We study Q-learning with Polyak-Ruppert averaging in a discounted Markov decision process in synchronous and tabular settings. Under a Lipschitz condition, we establish a functional central limit theorem for the averaged iteration $\bar{\boldsymbol{Q}}_T$ and show that its standardized partial-sum process converges weakly to a rescaled Brownian motion. The functional central limit theorem implies a fully online inference method for reinforcement learning. Furthermore, we show that $\bar{\boldsymbol{Q}}_T$ is the regular asymptotically linear (RAL) estimator for the optimal Q-value function $\boldsymbol{Q}^*$ that has the most efficient influence function.

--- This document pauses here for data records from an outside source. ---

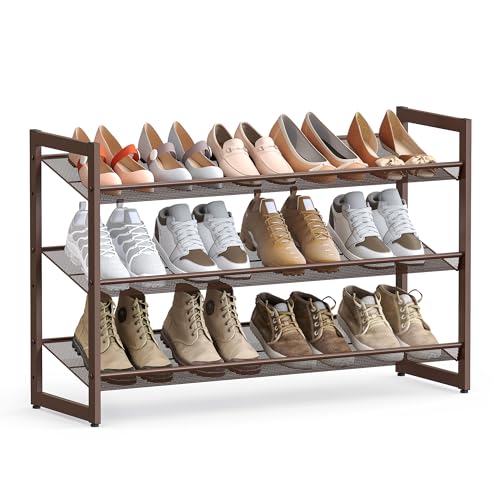SONGMICS Shoe Rack, 3-Tier Shoe Organizer, Metal Shoe Storage for Garage, Stackable Shoe Shelf, with Adjustable Flat or Angled Shelves, 9-12 Pairs, Bronze ULMR03A Bronze 3 Tiers (29.1''W)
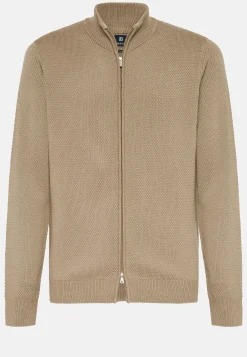 Pull Full Zip Avec Points En Laine Mérinos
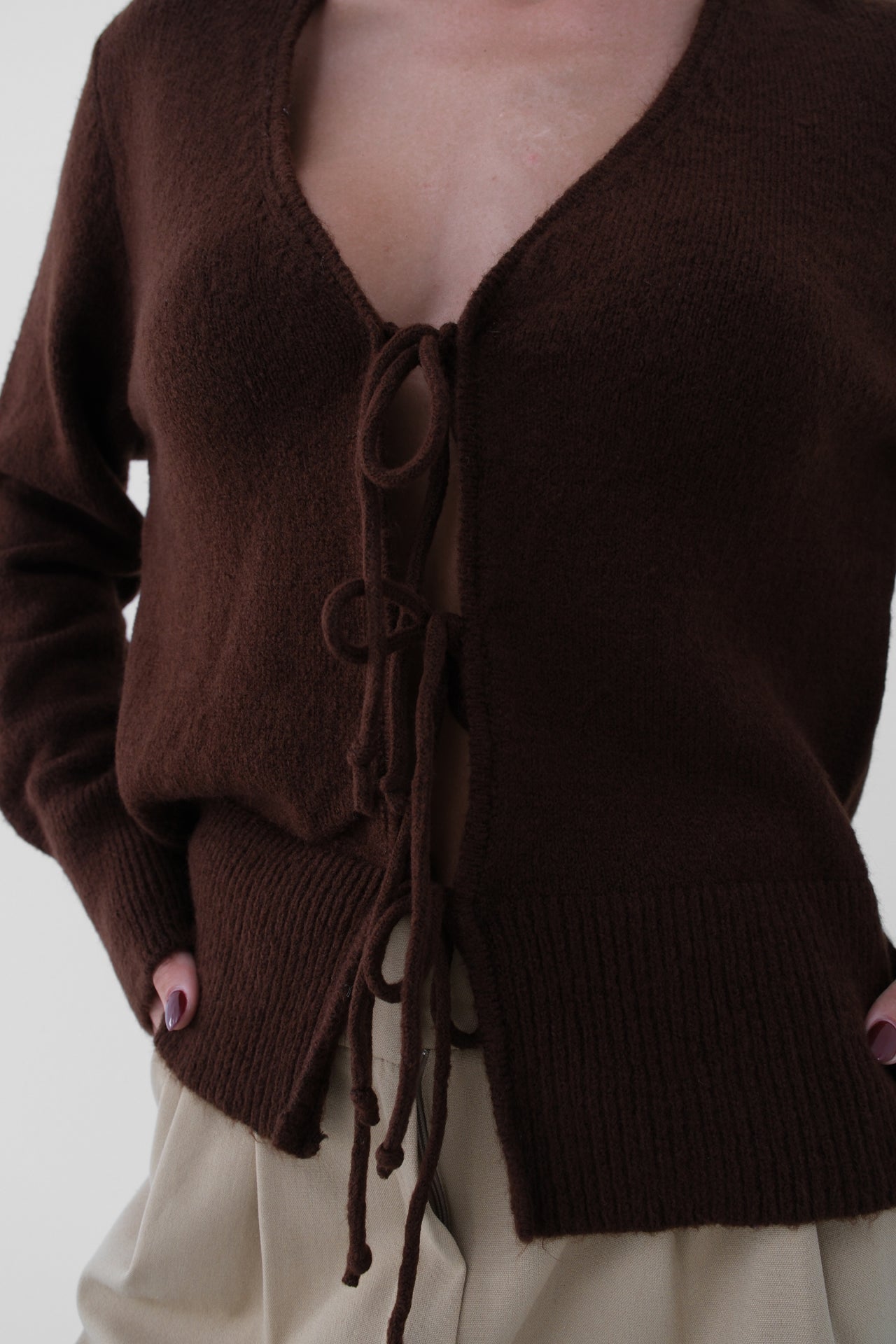 Brown Laced Cardigan 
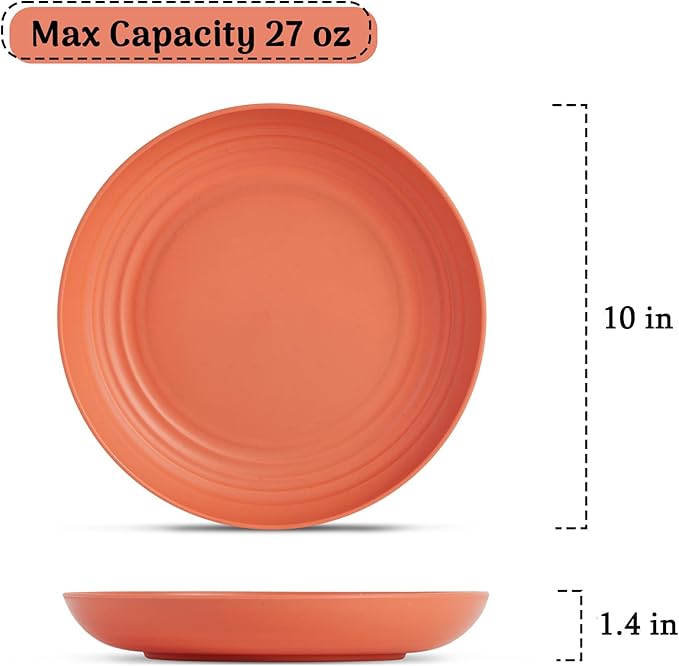 12PCS Unbreakable Dinner Plates, Dishwasher & Microwave Safe Plastic Plates Reusable, Lightweight Wheat Straw Plates for kitchen (Dopamine, 10 IN)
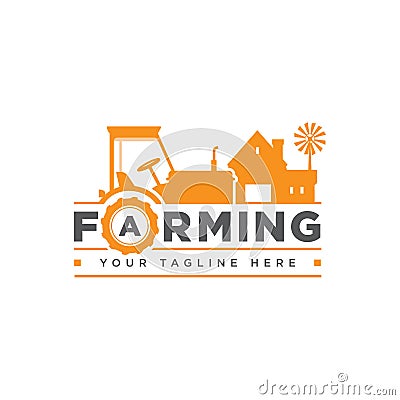 Farm logo, badge, label with tractor, house and water tower over raising sun background, vector illustration. Vector Illustration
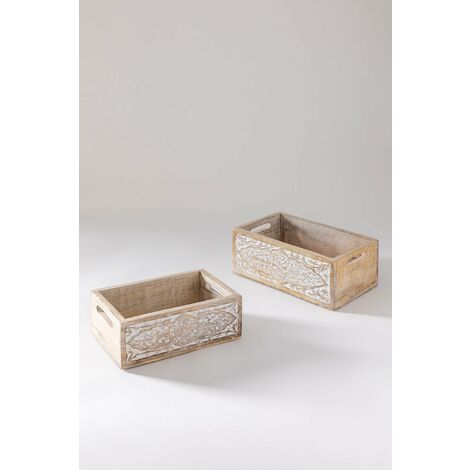 SKLUM Set di 2 scatole organizer in legno di mango Bizana Legno Bianco  Vintage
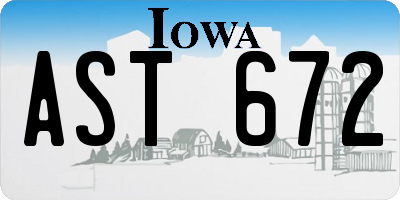 IA license plate AST672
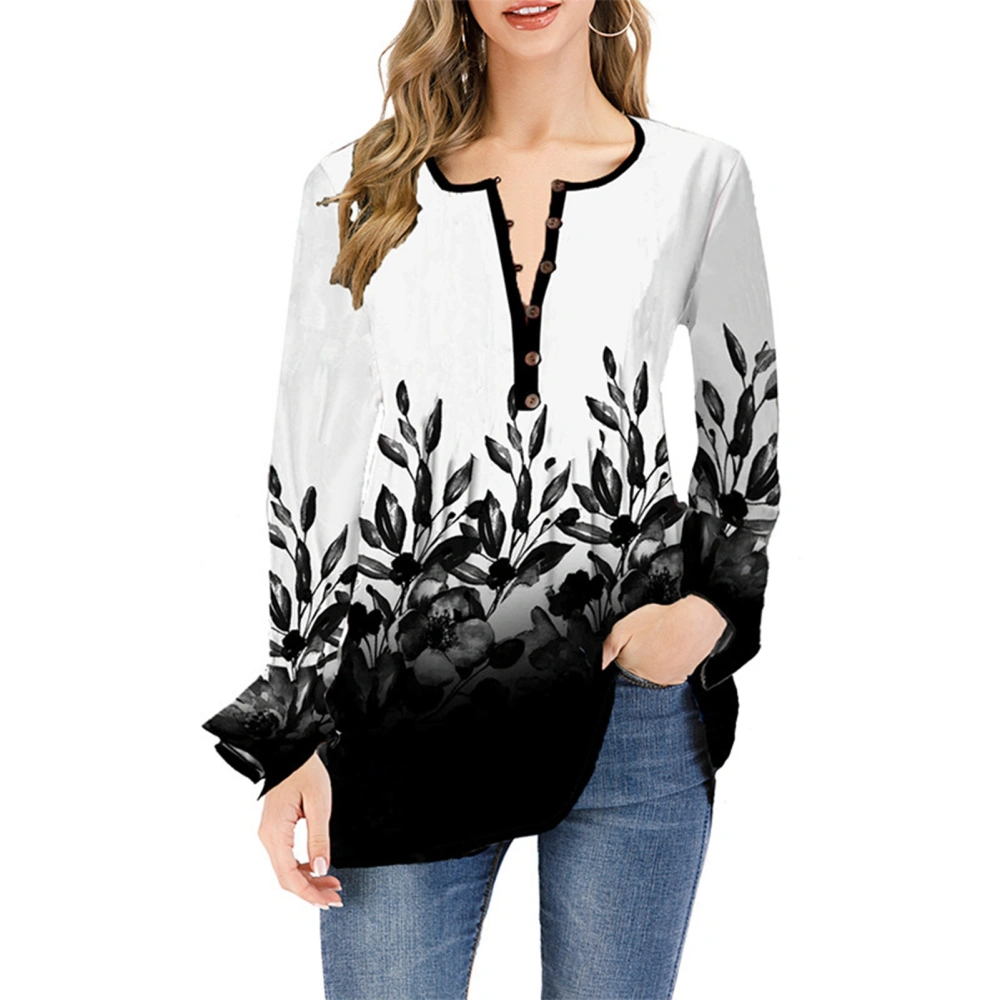 Women V Neck Ruffle Long Sleeve Shirt Casual Loose Fashionable Soft Half Button Printed Top for Daily Life Party White XL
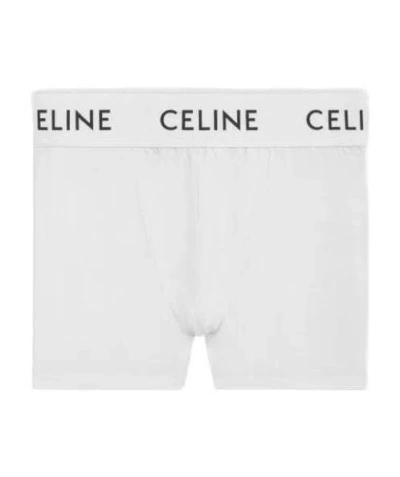 Celine Cotton Boxer Pants In White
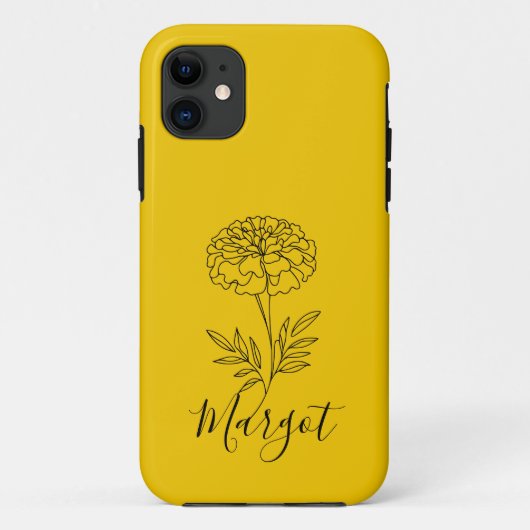Gepersonaliseerde naam Oktober Marigold Geboortebl Case-Mate iPhone Case (Achterkant)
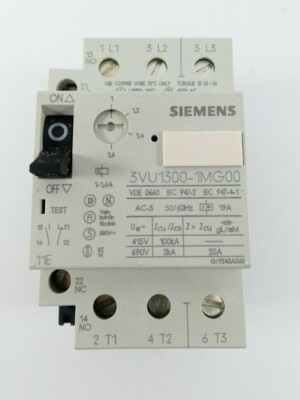 Siemens 3VU1300-1MG00 Circuit Breaker 1-1.6A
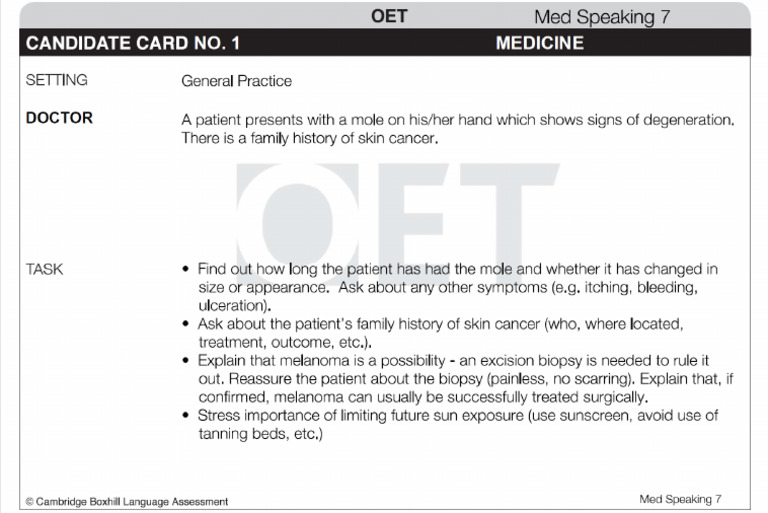 Medicine Speaking Candidate Card (Mole) | PDF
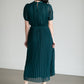 Short Sleeve Pleated Midi Dress Dresses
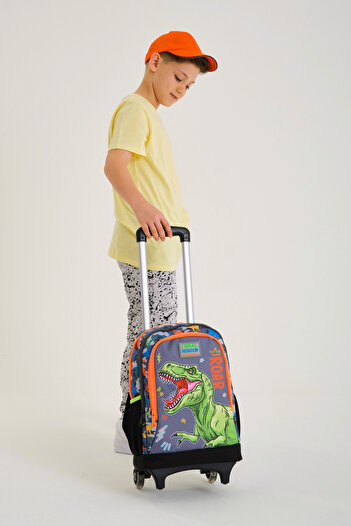 Coral High Kids Black Gray Dinosaur Patterned Three-Compartment School Backpack 23944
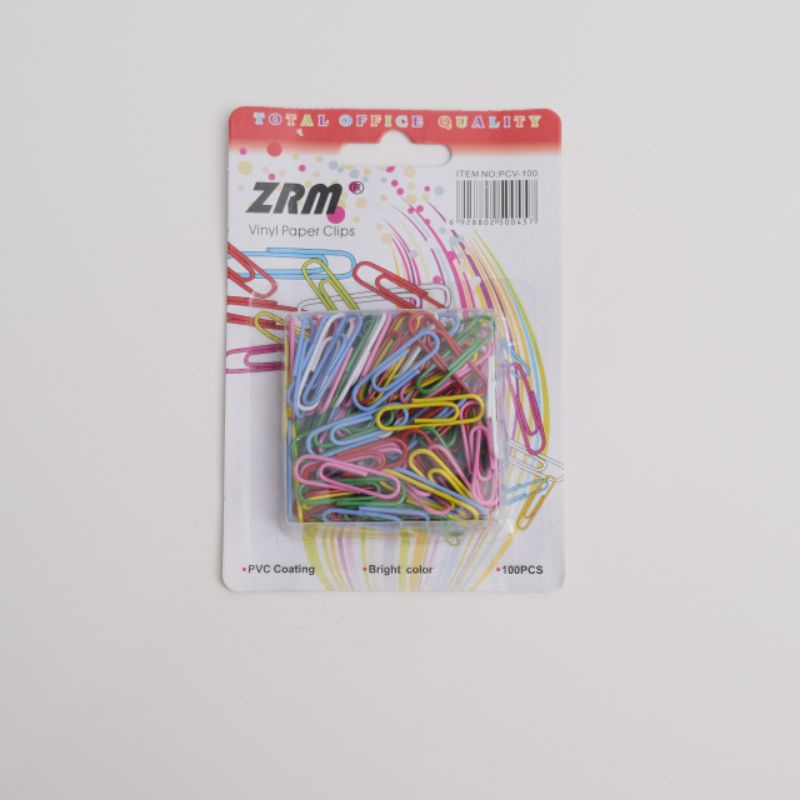 

(100 pcs) Paper Clip Warna-Warni ZRM - 1 Pak/Pack Bungkus Klip Kertas
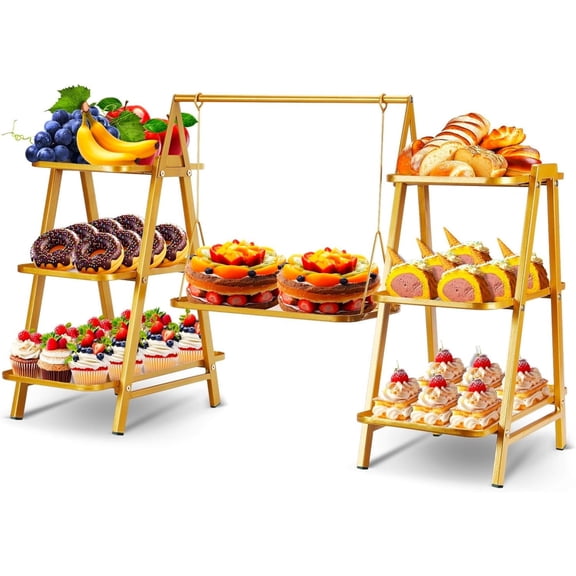 Easy-to-Assemble Detachable Sturdy Iron Metal Cake Stand Set, 3 Tier Dessert Stand Multi-Usage Appetizer & Fruit Display Tower for Holiday Gatherings & Buffet In Gold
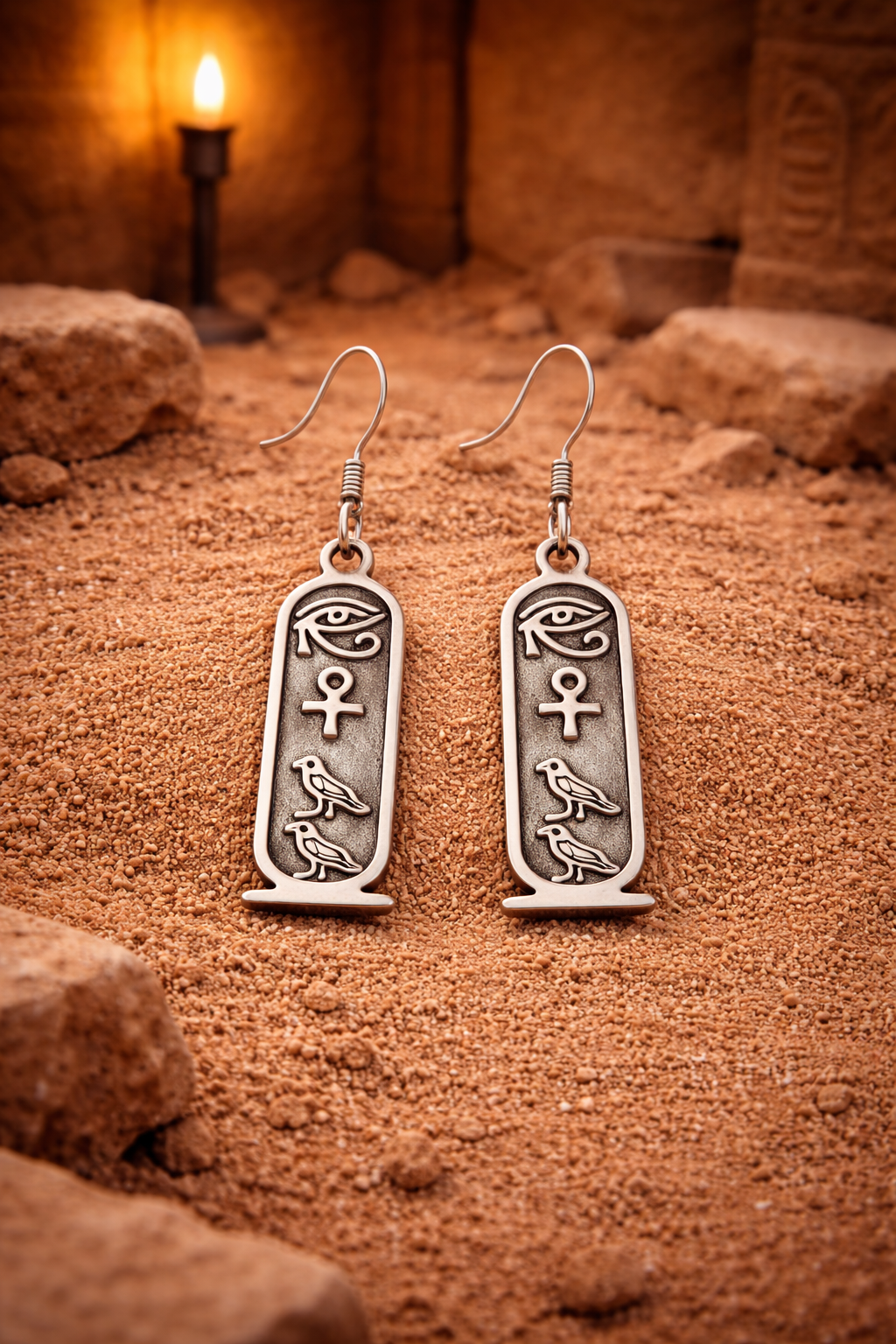Cartouche Earrings - 925 Sterling Silver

We present a nonasymptotic analysis for the $\ell_{\infty}$ error, $\mathbb{E}\|\bar{\boldsymbol{Q}}_T-\boldsymbol{Q}^*\|_{\infty}$, showing that it matches the instance-dependent lower bound for polynomial step sizes. Similar results are provided for entropy-regularized Q-learning without the Lipschitz condition.

翻译：我们在折扣马尔可夫决策过程的同步和表格设置中研究带Polyak-Ruppert平均的Q学习。在Lipschitz条件下，我们建立了平均迭代$\bar{\boldsymbol{Q}}_T$的函数中心极限定理，并证明其标准化部分和过程弱收敛到一个重标度的布朗运动。该函数中心极限定理为强化学习提供了一种完全在线推断方法。此外，我们证明$\bar{\boldsymbol{Q}}_T$是最优Q值函数$\boldsymbol{Q}^*$的正则渐近线性估计量，具有最有效的影响函数。我们给出了$\ell_{\infty}$误差$\mathbb{E}\|\bar{\boldsymbol{Q}}_T-\boldsymbol{Q}^*\|_{\infty}$的非渐近分析，表明对于多项式步长，该误差与问题相关的下界相匹配。对于无Lipschitz条件的熵正则化Q学习，我们也提供了类似的结果。